Advanced SQL Study Notes
Chapter 1: JOINS and Set Operations
1. Inner Join (Revisited with Advanced Understanding)
An inner join returns rows that have matching values in both tables. At the advanced level, understanding join cardinality and join ordering matters.
Key points:
- An inner join requires a matching condition.
- Rows without matches in either table are filtered out.
- The final cardinality depends on the uniqueness of join keys.
Example:
SELECT c.customer_id, c.name, o.order_id, o.amount
FROM customers c
INNER JOIN orders o
ON c.customer_id = o.customer_id;
Follow-up questions:
- What happens if the join key in the orders table is not unique?
- How can you detect unintentional many-to-many joins?
- How does the database optimizer decide join order?
2. Left Join
A left join returns all rows from the left table and the matching rows from the right table. If there is no match, NULLs appear on the right side.
Important details:
- Useful to detect missing relationships.

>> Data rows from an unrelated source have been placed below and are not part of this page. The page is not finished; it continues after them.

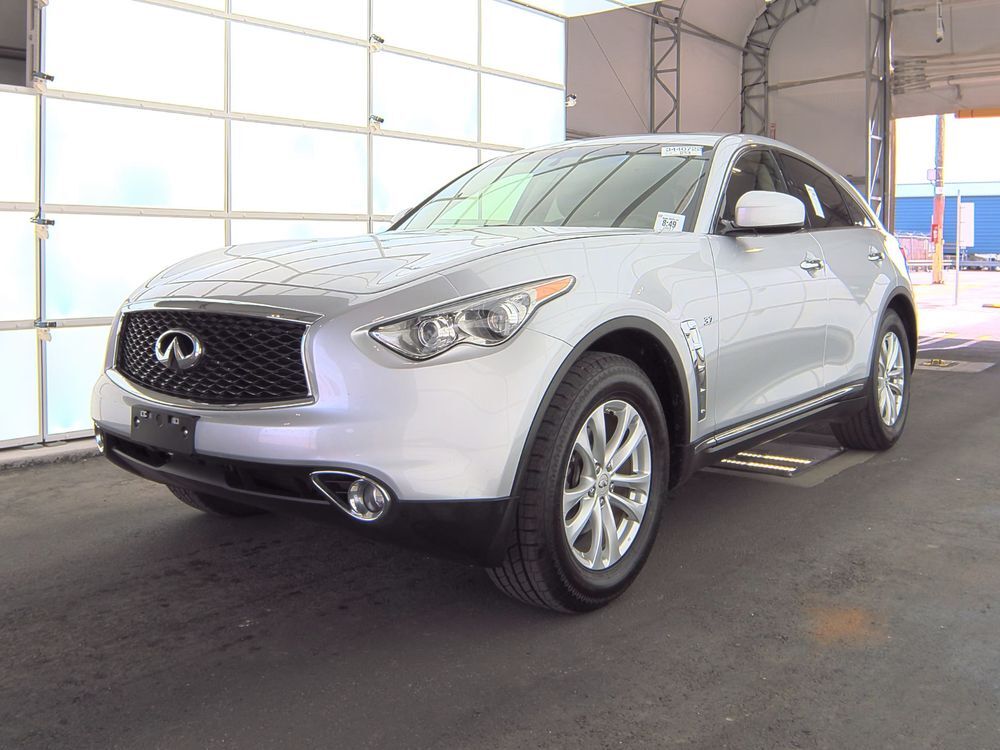 Infiniti QX70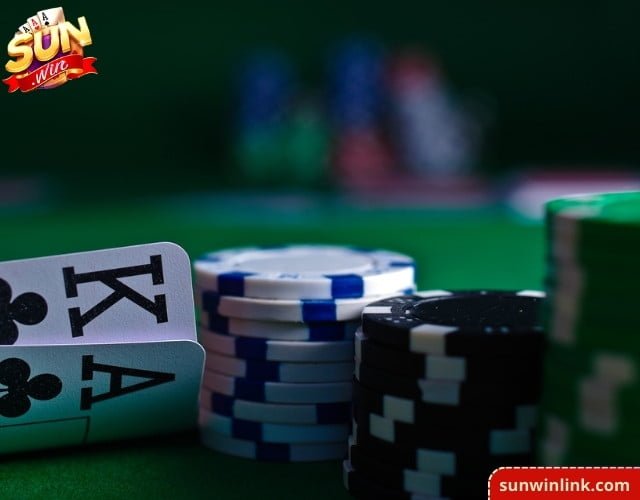 Học cách block bet poker chính xác nhất 2023 cùng Sunwin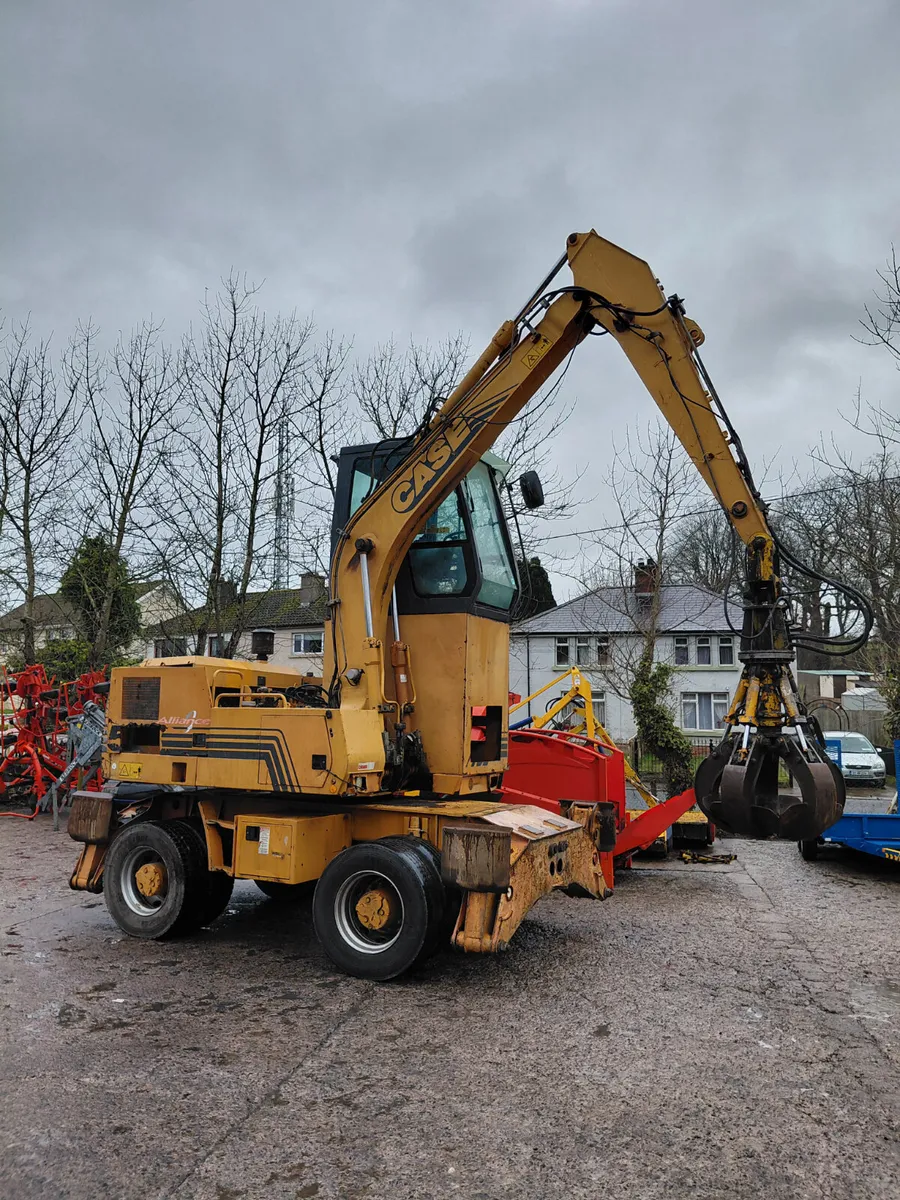 Case 588 Waste/Scrap Handler - Image 3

- Preserves all rows from the left table while extending them with optional data.
Example:
SELECT e.employee_id, e.name, d.department_name
FROM employees e
LEFT JOIN departments d
ON e.department_id = d.department_id;
Follow-up questions:
- How do you filter only non-matching rows?
- What issues appear when using aggregates after a left join?
- How to distinguish between real NULLs and NULLs from unmatched rows?
3. Right Join
A right join is the opposite of a left join. It returns all rows from the right table and matching rows from the left table.
Example:
SELECT p.product_id, p.product_name, s.sales_count
FROM sales_summary s
RIGHT JOIN products p
ON p.product_id = s.product_id;
Note: Right join is less preferred than left join in industry because left join keeps the “primary” table on the left side.
Follow-up questions:
- When might a right join be necessary?
- Why do most SQL developers rewrite right joins as left joins?
4. Full Outer Join
A full join returns all rows from both tables, with NULLs where no match exists.
Example:
SELECT a.customer_id, a.balance, b.last_order_date
FROM account_balances a
FULL OUTER JOIN customer_last_orders b
ON a.customer_id = b.customer_id;
Use cases:
- Identifying mismatches between two datasets.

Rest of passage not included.